Living close to the Acadia national park has turned me into a local tourist guide for friends and relatives who consider any visit to Maine incomplete unless they spend a day there. By applying OR and data analysis, I've kinda figured out the right days to visit Bar Harbor in summer and escape the tourist crowd. On days having a very high bliss factor, an OR person can relax there and think about the naturally elegant analytics hidden all around.
The main scenic route (the park loop road) is a nice 'hard-coded' feasible solution to the TSP that requires us to touch all the popular spots in the park while constraining the grade in the resultant road to be within a safe level, while also reducing the amount of earth to be moved. Of course, too short a path is not very enjoyable, while too long a path will find tourists driving relatively fast to skip the repetitiveness, so the total length of the Hamiltonian circuit should ideally be within some desired bound.
As we think about path lengths, there is an equally interesting observation one can make about the beautiful Maine coastline while driving along the circuit - it certainly looks long. Now, if you look at the map of the US, the California coast seems much longer in comparison. However, if you take into account the bays and undulations and increase the level of detail, the Maine coastline is comfortably longer - the fractal coast length of Maine is more than 2000 miles long (or so i heard). The fractal dimension of the Boothbay, ME coastline was calculated to be 1.27.
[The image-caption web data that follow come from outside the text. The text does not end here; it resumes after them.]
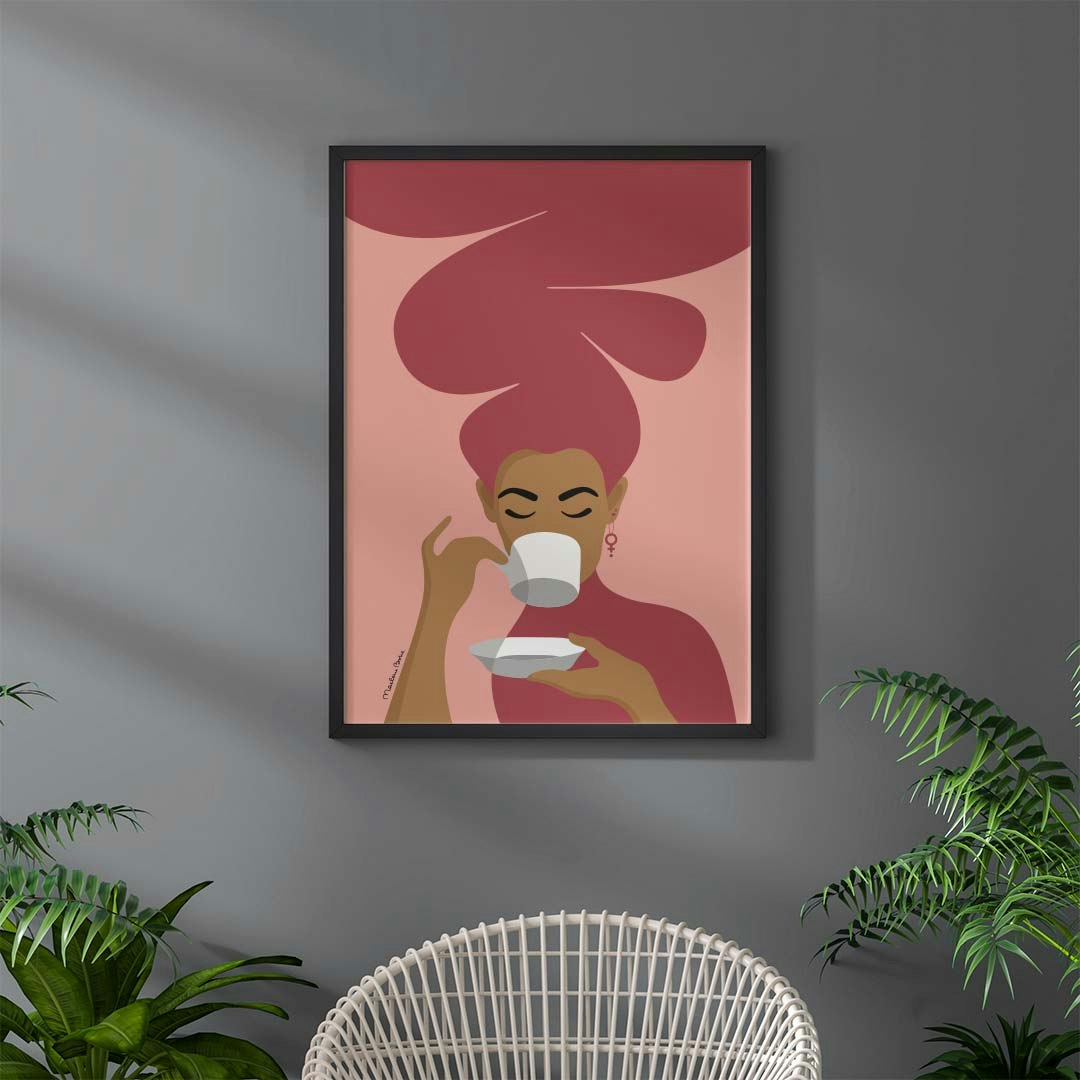 Print / poster med motivet Kaffekvinnan – en kvinna med stort bubbligt hår, en venussymbol i örat och som njuter av en kopp kaffe. Färg: röd och rosa.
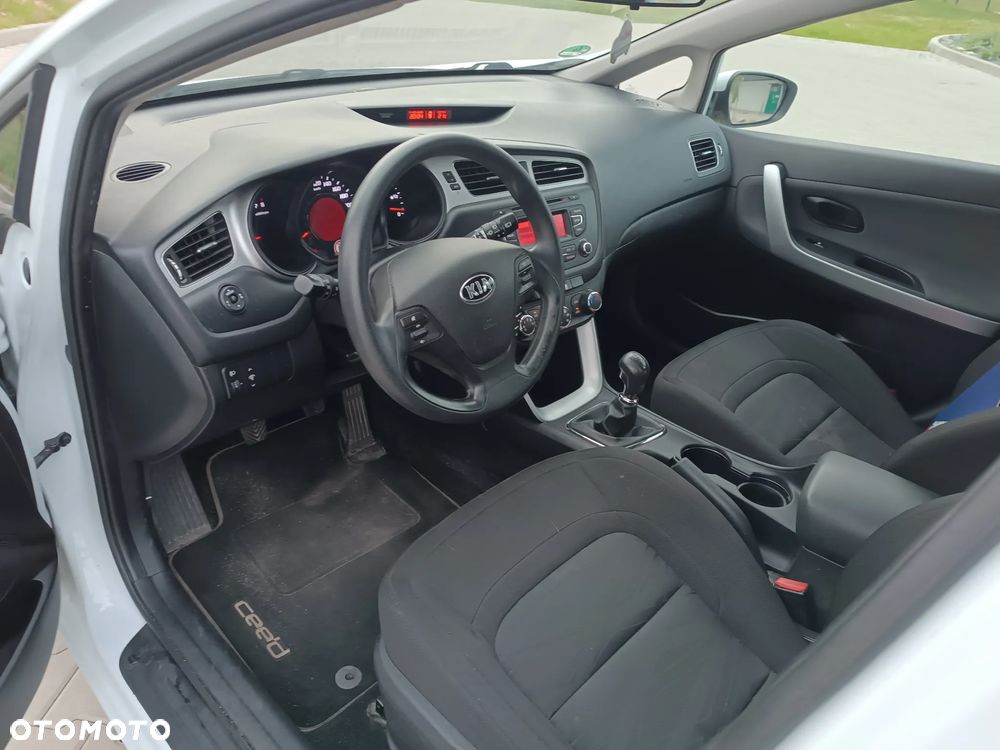 Kia Ceed 1.4 CVVT Vision - 28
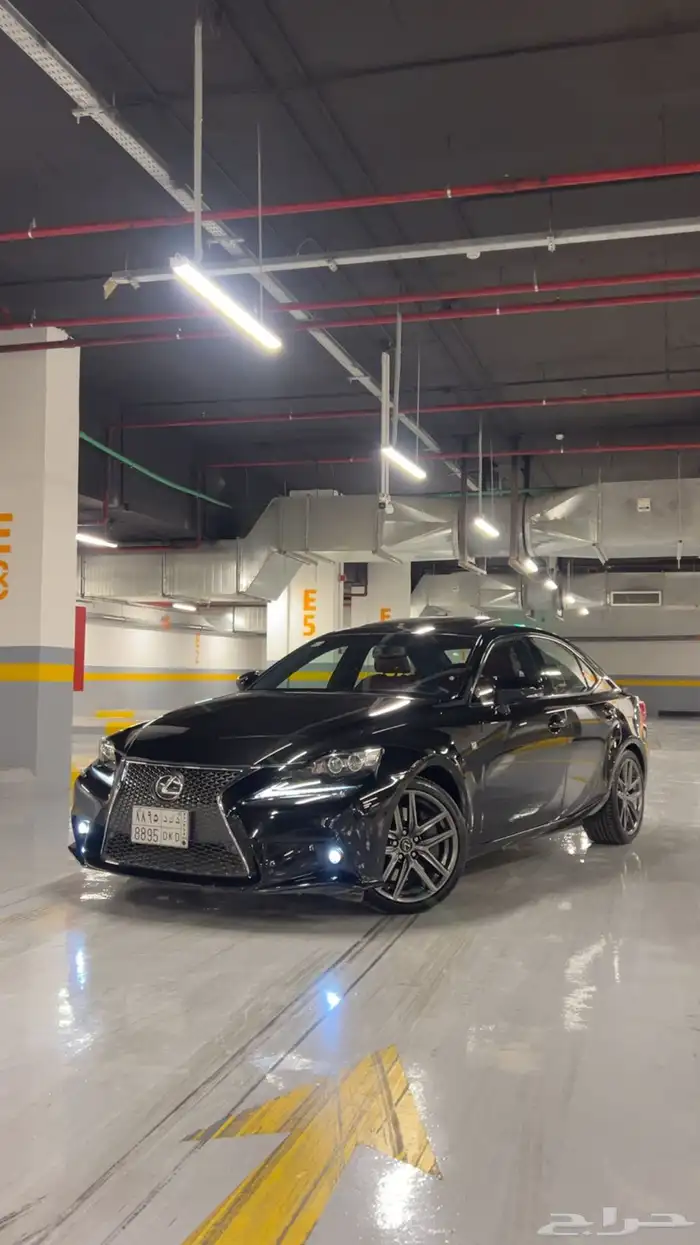 لكزس is200 مخزن 2016 3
Per Wikipedia, 'Maine' is the only single-syllable state-name and also the only state to share a border with a single US state (New Hampshire), which means that we require just two colors to map this region of the US. We share a border with New Brunswick, CA, whose DOT, along with Remsoft, Inc., were Edelman finalists this year. I attended their presentation at the INFORMS practice conference, and it was a really fine one, and I hope our US DOTs learn from them to ensure that the economic stimulus money is optimally spent.